What to work on
Nothing outside the range is to be copied. From the entries below, reproduce exactly the lines starting at the one with "Pure Tissue Saree" and ending at the one with "1883 – Image 4", without pictures.

Task material
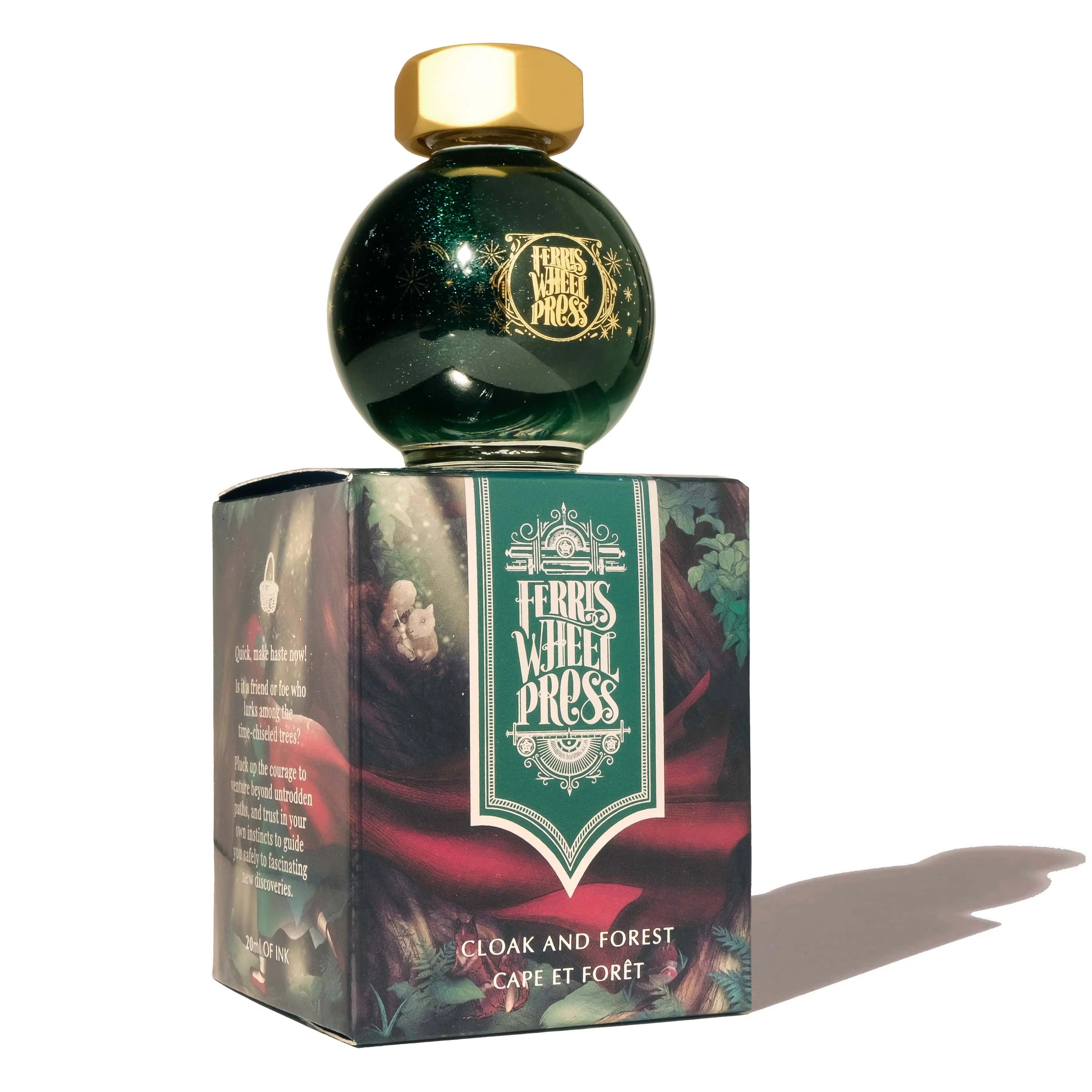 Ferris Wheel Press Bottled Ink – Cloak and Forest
--
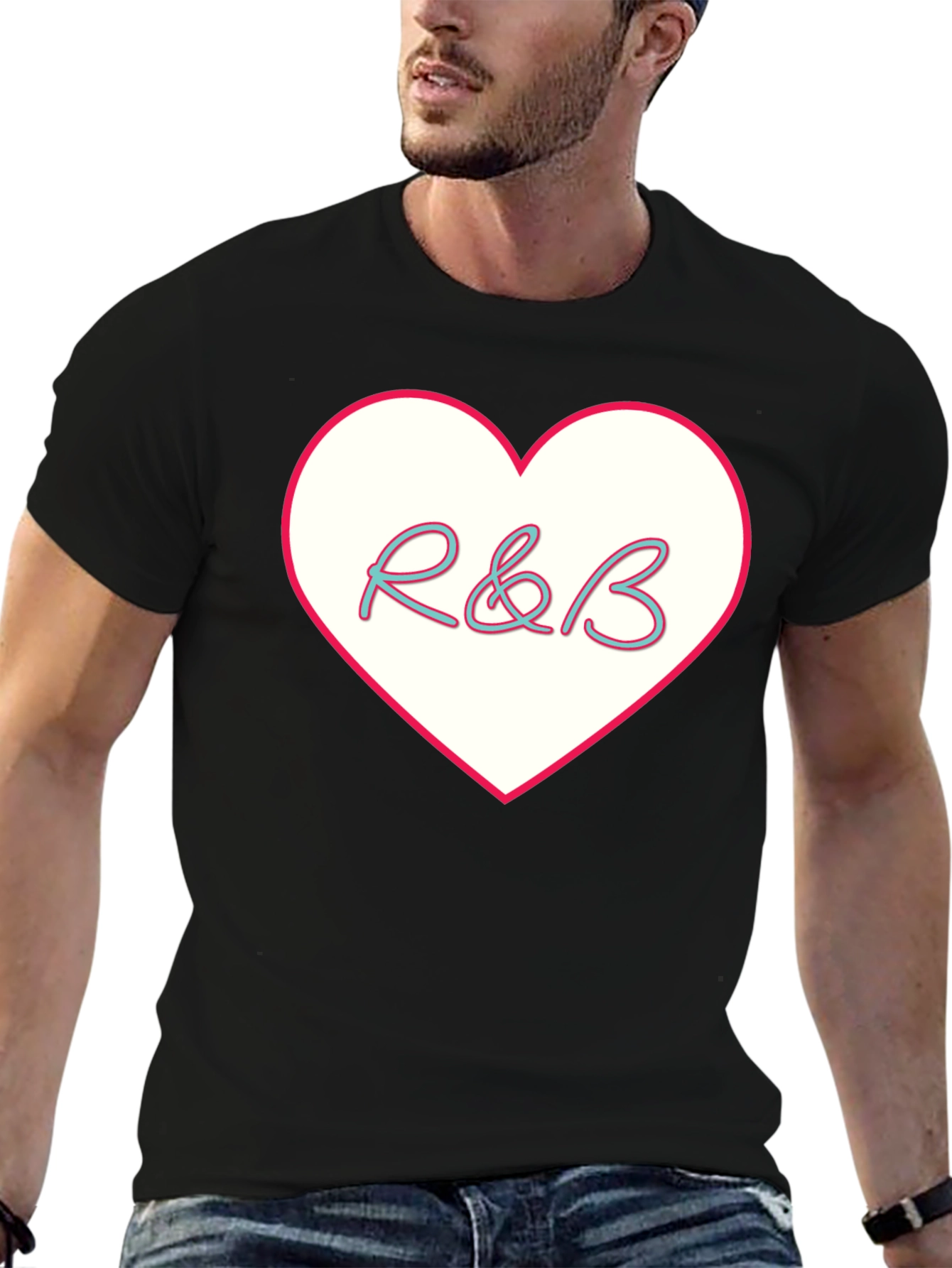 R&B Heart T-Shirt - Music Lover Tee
==
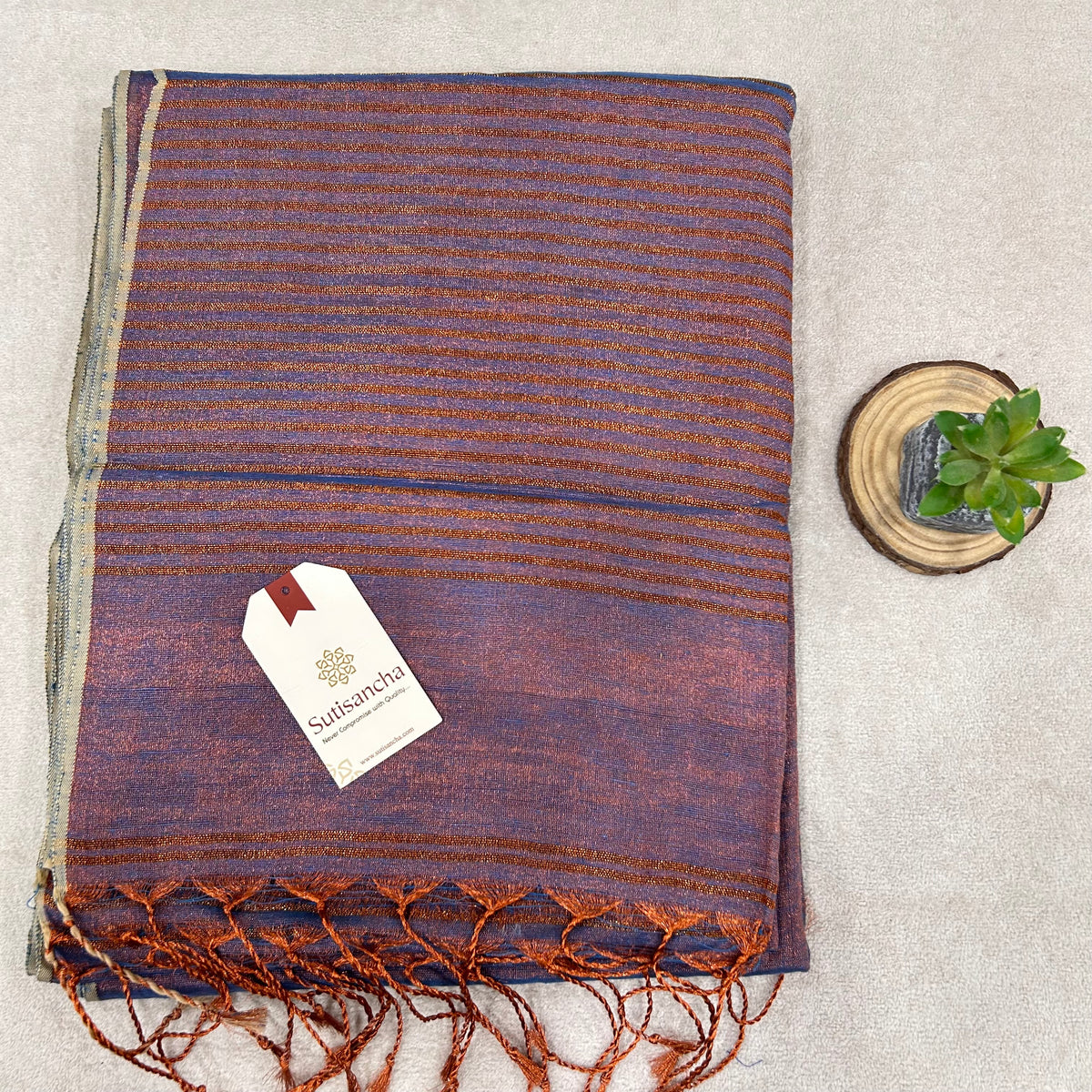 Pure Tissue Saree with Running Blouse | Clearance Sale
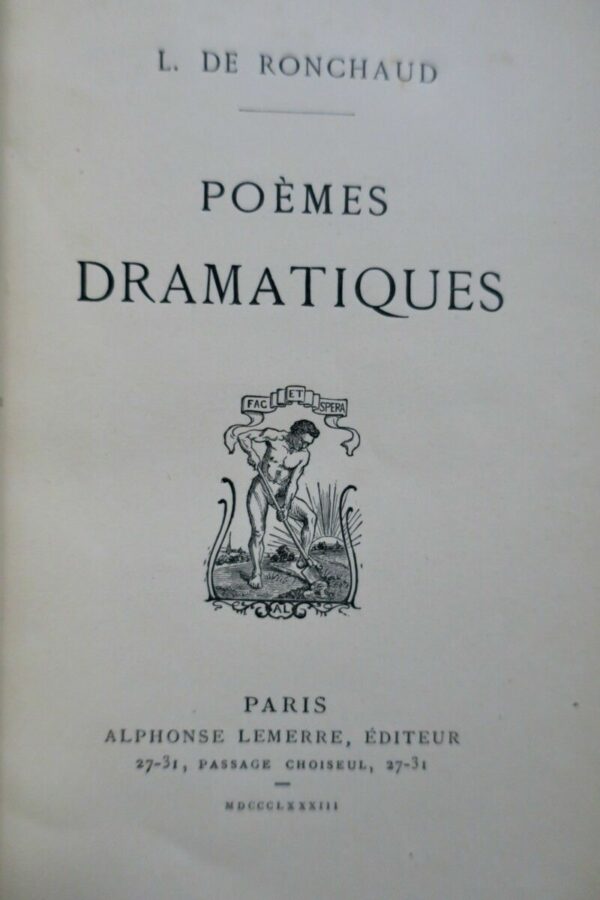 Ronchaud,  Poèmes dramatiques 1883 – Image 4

Reply to the task
 Pure Tissue Saree with Running Blouse | Clearance Sale
 Ronchaud,  Poèmes dramatiques 1883 – Image 4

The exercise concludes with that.